| RECORDS FOR PROCESSING |
BEGIN
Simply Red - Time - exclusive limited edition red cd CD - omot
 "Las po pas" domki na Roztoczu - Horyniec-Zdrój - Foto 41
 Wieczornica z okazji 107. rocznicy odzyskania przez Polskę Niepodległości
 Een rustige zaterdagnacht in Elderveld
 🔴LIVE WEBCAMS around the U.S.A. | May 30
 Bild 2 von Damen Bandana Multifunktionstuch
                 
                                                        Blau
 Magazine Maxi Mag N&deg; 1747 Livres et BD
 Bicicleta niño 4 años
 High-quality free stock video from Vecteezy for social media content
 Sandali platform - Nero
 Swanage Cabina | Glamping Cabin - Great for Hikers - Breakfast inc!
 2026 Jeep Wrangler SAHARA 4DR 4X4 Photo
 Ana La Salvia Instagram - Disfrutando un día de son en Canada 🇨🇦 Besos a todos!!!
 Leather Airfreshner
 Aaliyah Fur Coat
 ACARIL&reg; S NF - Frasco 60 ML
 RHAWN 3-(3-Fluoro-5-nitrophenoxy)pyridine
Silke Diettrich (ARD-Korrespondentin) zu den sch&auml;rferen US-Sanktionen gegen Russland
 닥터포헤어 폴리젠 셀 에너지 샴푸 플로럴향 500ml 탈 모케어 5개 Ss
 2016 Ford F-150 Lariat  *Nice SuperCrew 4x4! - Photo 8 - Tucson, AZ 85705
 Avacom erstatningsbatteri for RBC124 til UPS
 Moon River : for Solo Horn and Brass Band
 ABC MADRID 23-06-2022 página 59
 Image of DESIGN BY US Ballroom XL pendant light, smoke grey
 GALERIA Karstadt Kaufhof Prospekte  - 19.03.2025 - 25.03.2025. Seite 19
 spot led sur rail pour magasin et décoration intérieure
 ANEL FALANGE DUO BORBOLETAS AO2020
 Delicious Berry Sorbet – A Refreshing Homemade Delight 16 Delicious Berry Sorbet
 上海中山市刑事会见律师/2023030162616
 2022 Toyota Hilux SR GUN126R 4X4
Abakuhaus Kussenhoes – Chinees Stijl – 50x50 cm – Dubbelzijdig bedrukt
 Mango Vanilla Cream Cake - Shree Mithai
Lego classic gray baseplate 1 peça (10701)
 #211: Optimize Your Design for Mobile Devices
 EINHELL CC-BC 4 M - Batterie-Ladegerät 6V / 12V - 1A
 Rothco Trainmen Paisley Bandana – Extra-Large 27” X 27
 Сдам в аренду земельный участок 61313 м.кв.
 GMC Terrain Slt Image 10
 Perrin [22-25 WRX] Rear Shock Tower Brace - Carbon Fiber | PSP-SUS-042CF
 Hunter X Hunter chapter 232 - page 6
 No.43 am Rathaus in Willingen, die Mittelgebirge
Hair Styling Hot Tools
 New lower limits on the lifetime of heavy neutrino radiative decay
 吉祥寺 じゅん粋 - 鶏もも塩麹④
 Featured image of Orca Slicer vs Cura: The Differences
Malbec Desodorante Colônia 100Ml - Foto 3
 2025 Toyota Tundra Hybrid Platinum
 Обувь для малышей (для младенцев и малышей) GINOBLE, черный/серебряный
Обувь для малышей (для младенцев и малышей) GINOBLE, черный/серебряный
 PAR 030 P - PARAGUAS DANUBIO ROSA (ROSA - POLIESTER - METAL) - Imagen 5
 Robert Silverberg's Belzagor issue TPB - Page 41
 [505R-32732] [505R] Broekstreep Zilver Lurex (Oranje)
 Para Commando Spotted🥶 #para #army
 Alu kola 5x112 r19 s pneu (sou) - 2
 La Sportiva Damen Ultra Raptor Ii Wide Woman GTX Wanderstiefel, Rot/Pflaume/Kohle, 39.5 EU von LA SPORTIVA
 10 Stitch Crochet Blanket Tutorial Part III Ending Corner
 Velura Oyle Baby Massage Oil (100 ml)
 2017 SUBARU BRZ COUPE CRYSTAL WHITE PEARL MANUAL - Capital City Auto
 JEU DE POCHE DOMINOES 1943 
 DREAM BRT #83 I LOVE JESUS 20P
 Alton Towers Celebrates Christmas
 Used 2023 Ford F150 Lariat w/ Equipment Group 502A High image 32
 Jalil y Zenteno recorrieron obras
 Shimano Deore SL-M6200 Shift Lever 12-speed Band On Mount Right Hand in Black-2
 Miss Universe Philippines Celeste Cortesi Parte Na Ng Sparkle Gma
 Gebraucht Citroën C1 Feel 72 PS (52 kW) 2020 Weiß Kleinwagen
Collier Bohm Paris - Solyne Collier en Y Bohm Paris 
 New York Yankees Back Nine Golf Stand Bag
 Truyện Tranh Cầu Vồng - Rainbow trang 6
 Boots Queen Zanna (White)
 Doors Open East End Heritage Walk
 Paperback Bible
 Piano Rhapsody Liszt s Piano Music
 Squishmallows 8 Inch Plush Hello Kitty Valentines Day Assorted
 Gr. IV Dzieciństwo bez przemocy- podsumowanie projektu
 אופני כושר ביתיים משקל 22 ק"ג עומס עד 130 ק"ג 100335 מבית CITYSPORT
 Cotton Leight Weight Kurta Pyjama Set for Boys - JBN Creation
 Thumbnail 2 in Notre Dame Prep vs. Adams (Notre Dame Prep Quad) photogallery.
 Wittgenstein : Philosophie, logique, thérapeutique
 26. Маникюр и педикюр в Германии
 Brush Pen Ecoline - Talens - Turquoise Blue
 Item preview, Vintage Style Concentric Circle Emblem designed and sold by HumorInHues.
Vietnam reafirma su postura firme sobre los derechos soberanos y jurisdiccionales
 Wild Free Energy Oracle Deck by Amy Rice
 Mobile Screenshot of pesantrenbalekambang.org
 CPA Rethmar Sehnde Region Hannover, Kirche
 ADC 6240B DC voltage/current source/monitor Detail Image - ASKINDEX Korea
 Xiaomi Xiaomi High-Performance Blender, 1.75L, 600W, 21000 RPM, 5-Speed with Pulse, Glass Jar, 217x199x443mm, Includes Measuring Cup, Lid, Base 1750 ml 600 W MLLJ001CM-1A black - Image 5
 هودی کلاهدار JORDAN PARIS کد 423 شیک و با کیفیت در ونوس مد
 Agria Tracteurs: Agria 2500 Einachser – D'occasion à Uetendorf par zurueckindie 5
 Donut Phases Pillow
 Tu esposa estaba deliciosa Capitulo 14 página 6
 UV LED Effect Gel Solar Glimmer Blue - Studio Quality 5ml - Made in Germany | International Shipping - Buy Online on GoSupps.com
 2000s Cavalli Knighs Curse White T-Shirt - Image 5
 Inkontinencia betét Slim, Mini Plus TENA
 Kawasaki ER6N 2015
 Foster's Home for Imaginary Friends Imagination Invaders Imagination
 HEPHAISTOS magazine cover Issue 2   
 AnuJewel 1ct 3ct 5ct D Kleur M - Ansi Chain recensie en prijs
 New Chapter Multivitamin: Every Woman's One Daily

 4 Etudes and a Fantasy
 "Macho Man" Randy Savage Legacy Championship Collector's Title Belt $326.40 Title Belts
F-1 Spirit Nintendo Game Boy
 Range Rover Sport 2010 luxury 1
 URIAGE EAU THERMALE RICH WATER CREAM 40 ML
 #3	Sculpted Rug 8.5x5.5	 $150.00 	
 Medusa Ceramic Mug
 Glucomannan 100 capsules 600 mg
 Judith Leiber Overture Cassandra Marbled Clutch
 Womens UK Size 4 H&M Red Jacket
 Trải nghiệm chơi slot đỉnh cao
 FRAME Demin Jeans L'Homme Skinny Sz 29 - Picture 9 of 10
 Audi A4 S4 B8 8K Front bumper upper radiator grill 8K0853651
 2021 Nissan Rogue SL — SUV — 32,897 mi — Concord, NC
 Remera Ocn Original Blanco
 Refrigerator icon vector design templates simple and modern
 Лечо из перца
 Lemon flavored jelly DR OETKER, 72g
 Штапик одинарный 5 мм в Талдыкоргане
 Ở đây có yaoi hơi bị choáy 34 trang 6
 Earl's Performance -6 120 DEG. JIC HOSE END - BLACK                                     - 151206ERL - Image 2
END
| TASK |
Find where the line with "2022 Toyota Hilux SR GUN126R 4X4" sits in the material above, then copy exactly from it through the line with "EINHELL CC-BC 4". Add no other line.

| EXERCISE OUTPUT |
 2022 Toyota Hilux SR GUN126R 4X4
Abakuhaus Kussenhoes – Chinees Stijl – 50x50 cm – Dubbelzijdig bedrukt
 Mango Vanilla Cream Cake - Shree Mithai
Lego classic gray baseplate 1 peça (10701)
 #211: Optimize Your Design for Mobile Devices
 EINHELL CC-BC 4 M - Batterie-Ladegerät 6V / 12V - 1A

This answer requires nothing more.